Reuters reports: "President Bush's address to the nation, urging Americans to stand firm in Iraq, drew the smallest TV audience of his tenure, Nielsen Media Research reported on Wednesday.

"Bush's speech on Tuesday night at the Ft. Bragg military base in North Carolina averaged 23 million viewers combined on the four major U.S. broadcast networks and three leading cable news channels networks that carried the speech, Nielsen said."

A Bush Interview

Roland Watson and Gerard Baker write in the Times of London: "President Bush is ready to commit more American resources to Africa, but only for countries that put their houses in order, he has told The Times days before the G8 summit. . . .

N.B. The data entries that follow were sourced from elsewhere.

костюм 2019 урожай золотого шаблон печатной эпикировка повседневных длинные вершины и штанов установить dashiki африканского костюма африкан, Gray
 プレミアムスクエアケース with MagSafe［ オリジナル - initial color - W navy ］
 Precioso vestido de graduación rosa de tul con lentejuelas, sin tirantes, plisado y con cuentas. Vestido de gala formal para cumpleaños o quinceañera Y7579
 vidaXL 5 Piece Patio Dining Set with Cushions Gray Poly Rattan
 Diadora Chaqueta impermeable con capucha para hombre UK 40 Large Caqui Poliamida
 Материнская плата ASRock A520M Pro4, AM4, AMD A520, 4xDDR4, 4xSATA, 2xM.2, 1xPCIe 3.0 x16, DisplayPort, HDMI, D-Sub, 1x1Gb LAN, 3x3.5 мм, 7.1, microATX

"In an exclusive Oval Office interview with The Times, Mr Bush branded Robert Mugabe a tyrant who had ruined his country, but said that he would not attach strings to US food aid because that would punish ordinary Zimbabweans.

"On the other big issue of the Gleneagles summit, Mr Bush offered another nod towards Tony Blair, saying that he was committed to finding new energy sources to replace fossil fuels and conceded that Americans would have to end their love affair with gas-guzzling cars. 'We are leading the way,' he insisted."

Here's the transcript of the interview.

Gerard Baker writes about the atmosphere: "In person Mr Bush is so far removed from the caricature of the dim, war-mongering Texas cowboy of global popular repute that it shakes one's faith in the reliability of the modern media."

And, Baker writes: "As expansive as he is, Mr Bush can't help betraying a faint irritation at the intrusiveness of the modern media, with a reference to a famous brief medical emergency from a couple of years ago.